Very short time periods (6 months) with several crashes, as well as long time periods (3 years) with no crashes are expected. An even distribution of plane crashes is indeed NOT expected - it would look very suspicious, and definitely not random. Here we assume that all events (plane crashes) are independent. We also assume that the average is two major plane crashes per year - which is realistic if you include all passenger airlines flying anywhere in the world - sometimes in dangerous weather, or above dangerous locales.
We did our own simulation in this Excel spreadsheet. The password for our spreadsheet will be published in our Monday digest. If you don't receive our digest in your mailbox this Monday, check out your promotion, social network or spam box in your email client (look for an email with subject line Weekly digest - August 4). We simulated 10 time series with on average 2 crashes per year: each time series represents 10 years of simulated observations.

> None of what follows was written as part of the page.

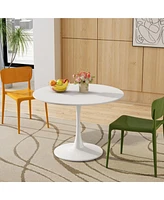 Simplie Fun Modern 42" Round Dining Table with Metal Base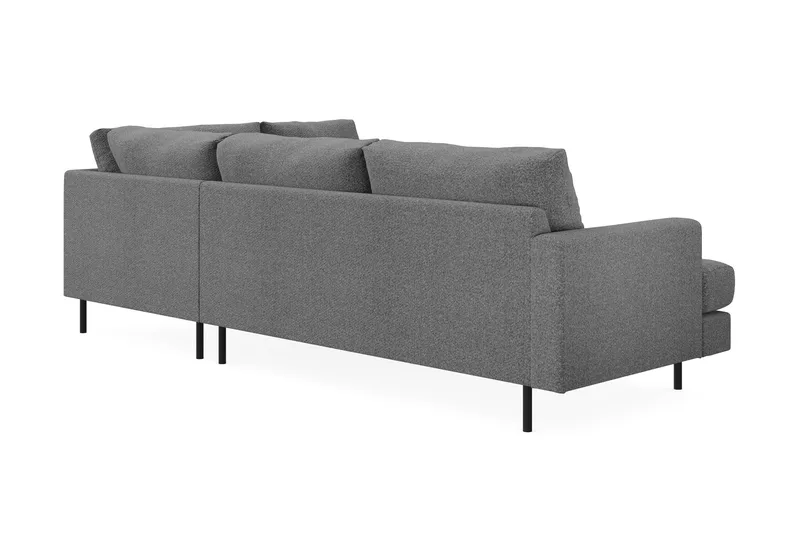 Menard Compact 4-seters Høyrevendt L-formet Sjeselongsofa i Stoff - Mørk grå - Møbler - Sofaer - Sofa med sjeselong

That is, 20 data points = 10 years x 2 crashes per year on average, for each of the 10 time series, with each data point representing a crash event (with time stamp simulated using the RAND function in Excel - for random number simulation).

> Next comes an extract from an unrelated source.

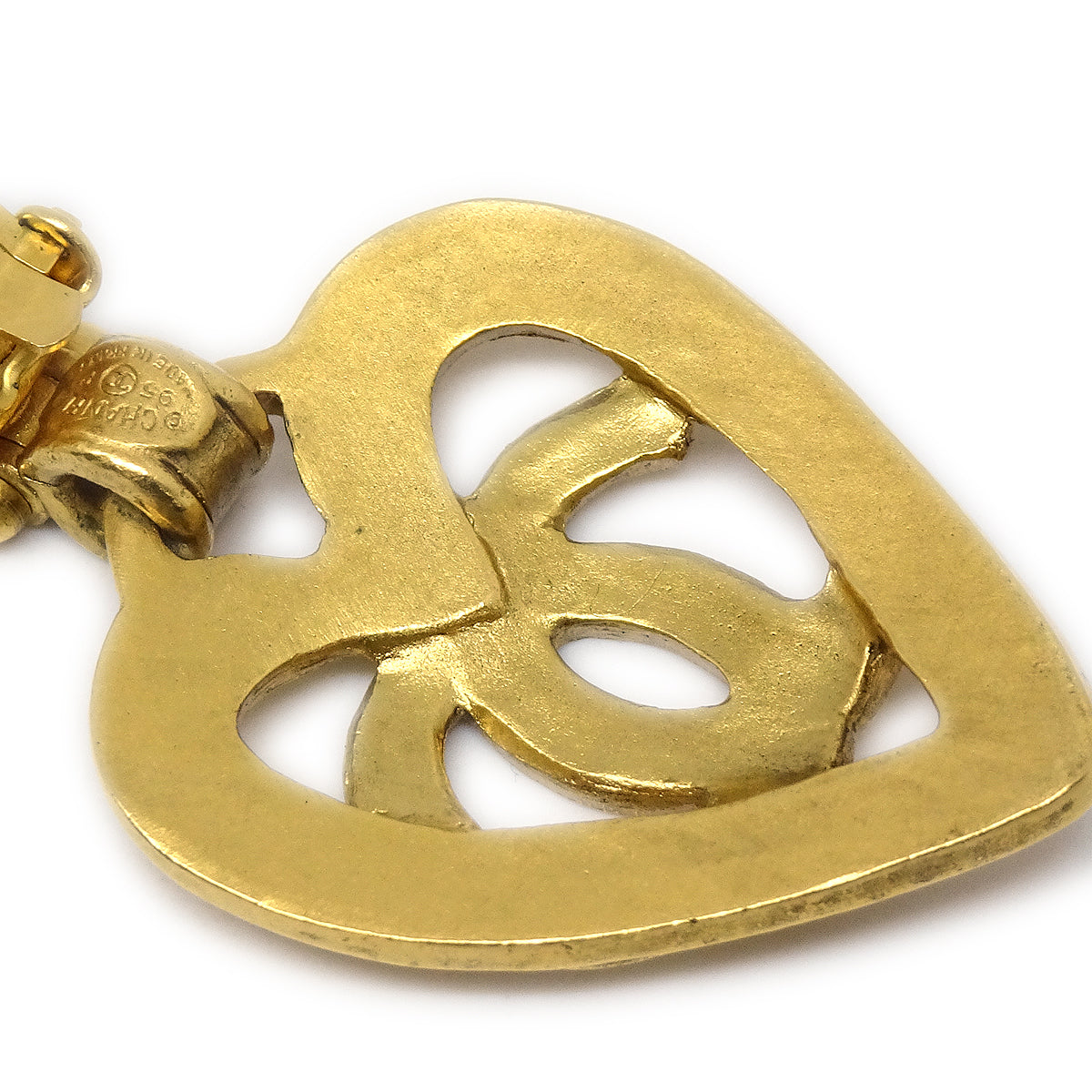 Luxury Chanel Dangle Heart Earrings Gold Clip-On 95P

Our conclusions are as follows
- In three of the simulated time series (out of 10), we found 4 crashes occurring within a 4-month time period; one of the ten time series had 4 crashes within a month
- In three of the ten time series, there was a 2.5 to 3 year time period with NO crash
Here is how we did our simulations
- Simulate 10 time series of random numbers in Excel using the RAND Excel function. Each time series is stored in a column. For each time series, generate 20 random numbers between between 0 and 10 (each one being a time stamp, representing a crash, with time unit being a year, thus each time series having 2 crash per year on average).
- Copy and paste the values ONLY (not the functions) in another tab, in the Excel spreadsheet
- Delete initial tab containing the RAND function (because each time you refresh it, new random numbers are generated and it screws up the sorted numbers, see next step)
- In the final (un-deleted) tab, sort each column separately: you most perform 10 sorts. Keep in mind that each value (a number between 0 and 10 years) represents a time stamp when a crash occured.
- Compute z = x(k+3) - x(k) for each column, where x(k) is the occurence (time) for crash number k. Then compute r = min(z) over all the 20 rows, for each column (time series). The number r represents the shortest time period (for each 10-year time series) where 4 crashes occured. Since we simulated 10 time series, we can easily compute confidence intervals for r.
- Compute y = x(k+1) - x(k) for each column, where x(k) is occurence (time) for crash number k. Then compute s = max(y) over all the 20 rows, for each column (time series). The number s represents the longest time period (for each 10-year time series) with no crash. Since we simulated 10 time series, we can easily compute confidence intervals for s.
Test our results with a mathematical model
We performed the Monte-Carlo simulations for you, but now we invite you to solve the problem using mathematical models. There is indeed an exact solution, easy to compute, for this problem. Let us know if your theoretical solution yields similar results. Here's how to proceed:
- The number N of events (crashes) follows a Poisson process with intensity v = 2 (2 crashes per year on average; one year = time unit). So the probability that exactly N = n events occur in a time period of length T = t is exp(-vt) * (vt)^n / n!
- The probability p that a 4-month (one year divided by 3) time period has exactly n = 4 accidents, is p = exp(-v/3) * (v/3)^n / n!
- The probability that there is at least one 4-month time period (any time period) within a 10-year time period, with 4 crashes, follows a binomial distribution of parameters (30, p) where 30 = 10 years multiplied by three 4-month periods per year.
Even if there are many crashes in a particular small time period, it does not mean that the likehood for a new crash in the next month is reduced, or increased. We are dealing here with memory-less processes.